Navigating your way around capacity management is not and easy task, especially at a large company where it seems almost impossible to get your arms wrapped around it. HA – I picture a large tree and trying to hug it, not quite able to lock your fingers on the other side! It’s really kind of like that. You got most of it, but you are always reaching. At times you need to step back and re-evaluate your angle or approach. Over the last year or so I’ve been working with the capacity management team to choose exactly the right metrics to determine the best way to evaluate capacity. Last week one cluster, according to vROPs, was in desperate need of capacity, we were running into our buffers; however when we looked closely in our review meeting we noticed that the reason we were out of capacity was due to CPU Demand. This spun off a number of weekly meetings to re consider our approach or angle to see if we can get our fingers locked. In all honesty, this wasn’t an oversight, we have a pretty smart group of people and we meet regularly to review. Everyone on our team has the same goal and these types of discussions make sure we are staying on target; however we did realize that we needed a deeper understanding of the different types of capacity models and how to apply them as policies across the virtual infrastructure. So let’s start with a quick level set and go from there. All right, here we go!

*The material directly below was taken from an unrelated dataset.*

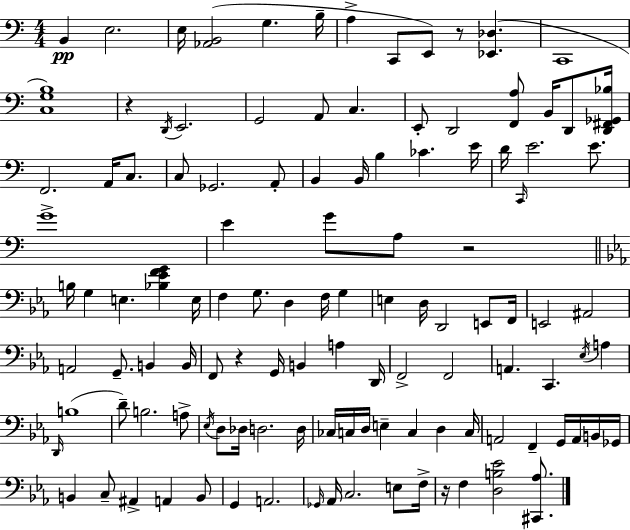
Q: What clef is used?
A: bass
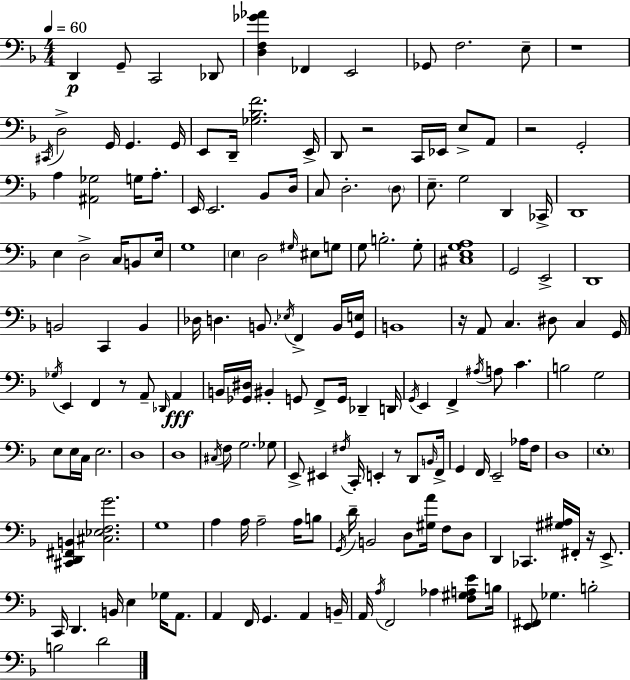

This model is capacity based on the configured amount of resources assigned to a VM or VMs in a cluster. The consensus is that this model should be used for production environments where you have important workloads, and you want to be able to keep resources for fail-over, and you want to make sure you don’t over commit by too much. You decide your over commitment ratio and set that in the policy. This is the most conservative capacity model.
The Demand model is often used in Test/Development environments where you don’t necessarily care about over allocation, and you really want to get as many guests as possible in the environment. If you are using this model you probably don’t care if the hosts are running hot. You will likely be way over allocated but again you don’t care because you want to run this for highest possible VM density.
Memory Consumed model
This model allows you to see the memory resources used just like you would in the vSphere client. It shows the active memory, plus shared memory pages, plus recently touched memory. All the memory overhead.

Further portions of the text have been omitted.